Instructions to follow: Return nothing but the lines from the one containing "Car 3-hole Electric" through the end of the records below, exactly as they stand and without pictures.

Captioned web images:
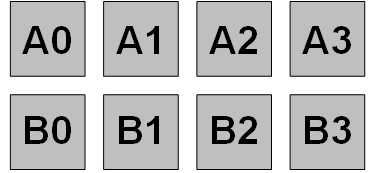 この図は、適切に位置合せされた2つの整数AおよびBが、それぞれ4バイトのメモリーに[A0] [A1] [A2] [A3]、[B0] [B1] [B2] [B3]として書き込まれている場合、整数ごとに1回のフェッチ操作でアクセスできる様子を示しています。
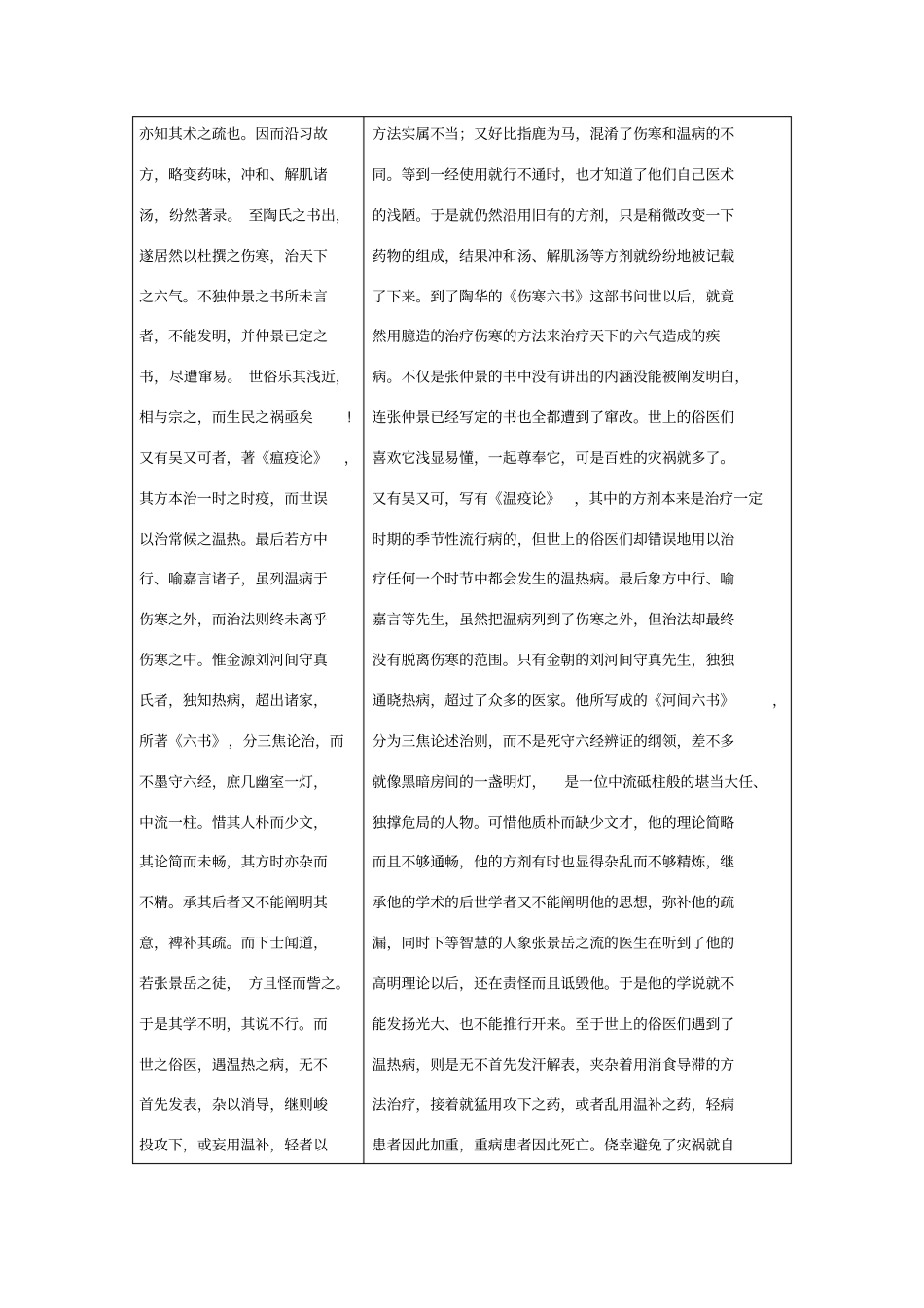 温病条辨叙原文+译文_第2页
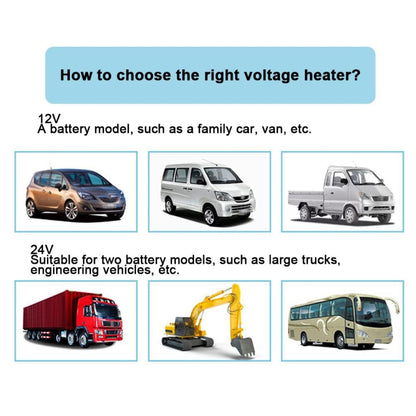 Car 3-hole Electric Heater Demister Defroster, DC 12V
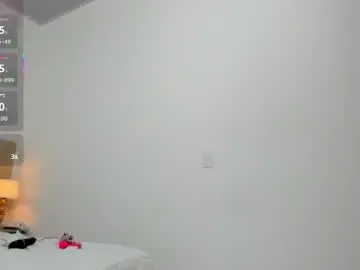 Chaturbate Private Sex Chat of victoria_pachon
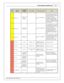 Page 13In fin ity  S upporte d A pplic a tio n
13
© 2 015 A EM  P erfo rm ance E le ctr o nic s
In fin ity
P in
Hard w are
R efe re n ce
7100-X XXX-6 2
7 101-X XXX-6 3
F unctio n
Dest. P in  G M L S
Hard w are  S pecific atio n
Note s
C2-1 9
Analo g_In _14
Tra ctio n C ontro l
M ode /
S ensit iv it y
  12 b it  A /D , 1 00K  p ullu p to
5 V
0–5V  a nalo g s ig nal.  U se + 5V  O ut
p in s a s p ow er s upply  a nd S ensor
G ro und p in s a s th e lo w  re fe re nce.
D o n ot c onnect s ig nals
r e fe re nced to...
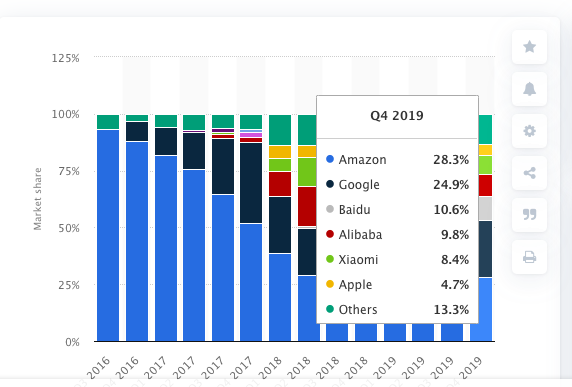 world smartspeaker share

Task output:
 Car 3-hole Electric Heater Demister Defroster, DC 12V
 Chaturbate Private Sex Chat of victoria_pachon
 Page 13In fin ity  S upporte d A pplic a tio n
13
© 2 015 A EM  P erfo rm ance E le ctr o nic s
In fin ity
P in
Hard w are
R efe re n ce
7100-X XXX-6 2
7 101-X XXX-6 3
F unctio n
Dest. P in  G M L S
Hard w are  S pecific atio n
Note s
C2-1 9
Analo g_In _14
Tra ctio n C ontro l
M ode /
S ensit iv it y
  12 b it  A /D , 1 00K  p ullu p to
5 V
0–5V  a nalo g s ig nal.  U se + 5V  O ut
p in s a s p ow er s upply  a nd S ensor
G ro und p in s a s th e lo w  re fe re nce.
D o n ot c onnect s ig nals
r e fe re nced to...
 world smartspeaker share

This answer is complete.